In the scenario of platform as a service (PaaS), a cloud provider merely supplies the hardware and it’s traditional software via the cloud, the solution is likely to resemble its original, on-premise architecture and functionality. Many vendors offer a modern data warehouse that was originally designed and deployed for on-premises environments. One such technology is Amazon’s Redshift. Amazon acquired rights to ParAccel, named it Redshift, and hosted it in the AWS cloud environment. Redshift is a highly successful modern data warehouse service. It is easy in AWS to instantiate a Redshift cluster, but that’s where it ends. It still requires you to complete all of the administrative tasks.
You have to reclaim space after rows are deleted or updated (the process of vacuuming in Redshift), manage capacity planning, provisioning compute and storage nodes, determine your distribution keys, all of the things that you had to do with ParAccel or with any traditional architecture, you have to do with Redshift.

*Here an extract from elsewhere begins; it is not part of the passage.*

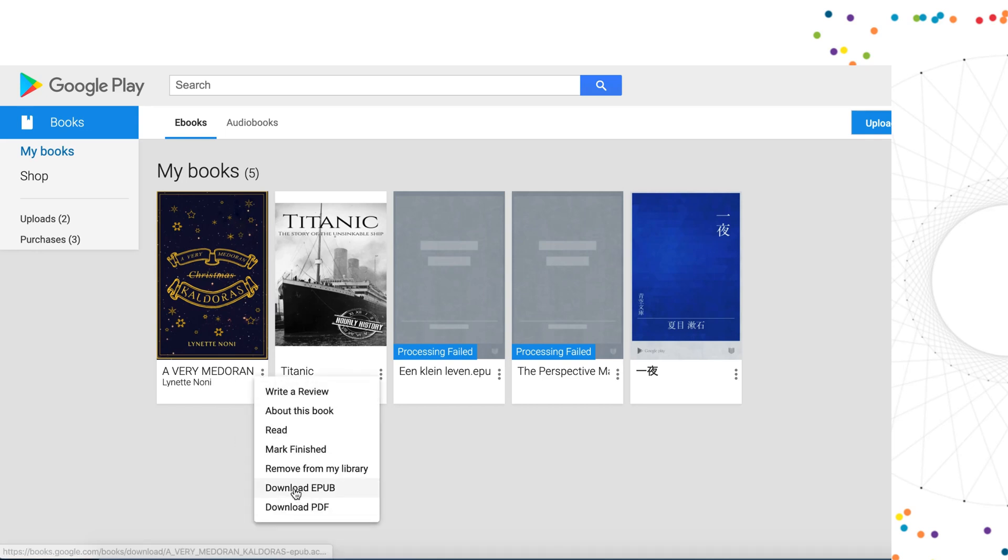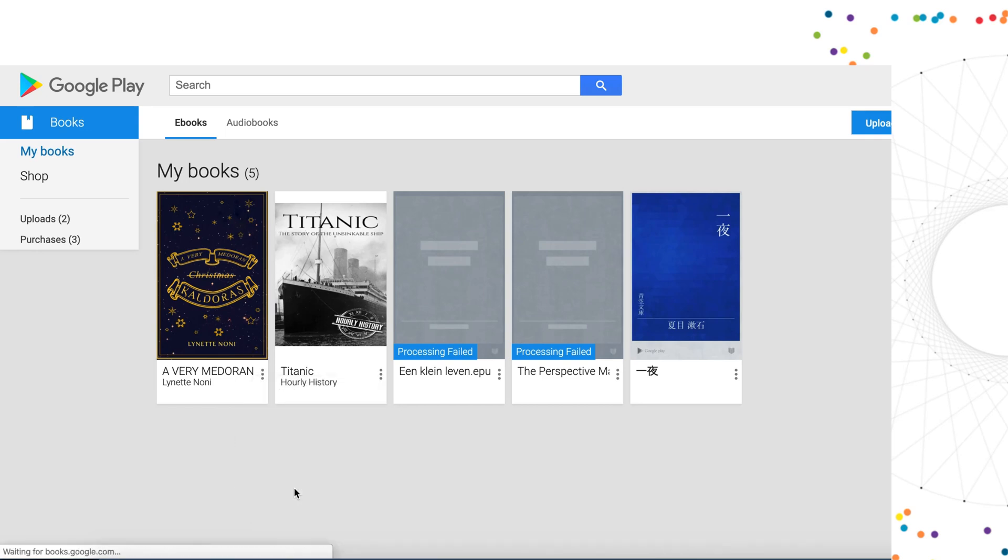Download ACSM files to your computer and open them via Adobe Digital Editions.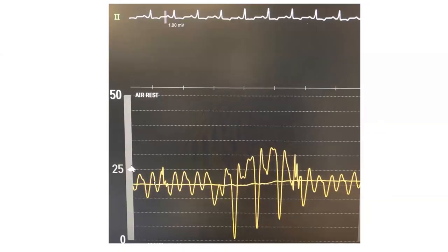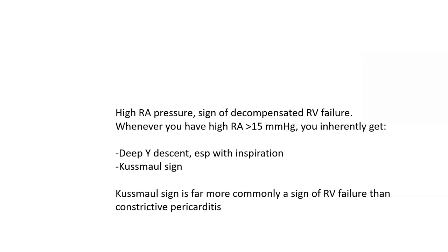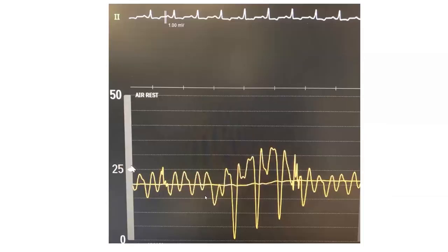Kussmaul sign means the RA pressure mean doesn't change with respiration, doesn't drop with inspiration, and may in fact rise. That's what we did in this patient — we asked him to take a deep breath, and you can see paradoxically, with deep inspiration, the RA pressure rose. In particular, the V-wave became much larger and the Y descent became much deeper. That's a full-blown Kussmaul sign. This patient had severe RV failure from dilated idiopathic cardiomyopathy.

Alternatively, any data warehouse solution built for the cloud using a true software as a solution (SaaS) data warehouse architecture allows for the cloud provider to include all hardware and software as part of its service as well as aspects of managing the hardware and software. One such technology, which requires no management and features separate compute, storage, and cloud services that can scale and change independently, is Snowflake. It differentiates itself from IaaS and PaaS cloud data warehouses because it was built from the ground up on cloud architecture.
All administrative tasks, tuning, patching, and management of the environment falls on the vendor. In lieu of the architecture we have seen with IaaS and PaaS solutions in the market today, Snowflake has a new architecture called a multi-clustered shared data that essentially makes the administrative headache of maintaining solutions, like Redshift, go away.
If you depend on your data to better serve your customers, streamline your operations, and lead (or disrupt) your industry, a modern data platform built on the cloud is a must-have for your organization.